DATA SHOWN:
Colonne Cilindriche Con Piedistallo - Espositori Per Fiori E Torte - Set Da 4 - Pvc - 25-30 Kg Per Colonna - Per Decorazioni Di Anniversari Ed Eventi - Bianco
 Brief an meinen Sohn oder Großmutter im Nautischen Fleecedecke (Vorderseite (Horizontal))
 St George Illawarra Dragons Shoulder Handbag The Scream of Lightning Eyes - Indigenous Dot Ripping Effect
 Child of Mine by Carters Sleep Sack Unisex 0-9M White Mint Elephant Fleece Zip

INSTRUCTIONS FOR THE TASK: Reprint exactly, and only, the lines running from the one containing "Brief an meinen" through the last line of the listing above.

EXERCISE ANSWER:
 Brief an meinen Sohn oder Großmutter im Nautischen Fleecedecke (Vorderseite (Horizontal))
 St George Illawarra Dragons Shoulder Handbag The Scream of Lightning Eyes - Indigenous Dot Ripping Effect
 Child of Mine by Carters Sleep Sack Unisex 0-9M White Mint Elephant Fleece Zip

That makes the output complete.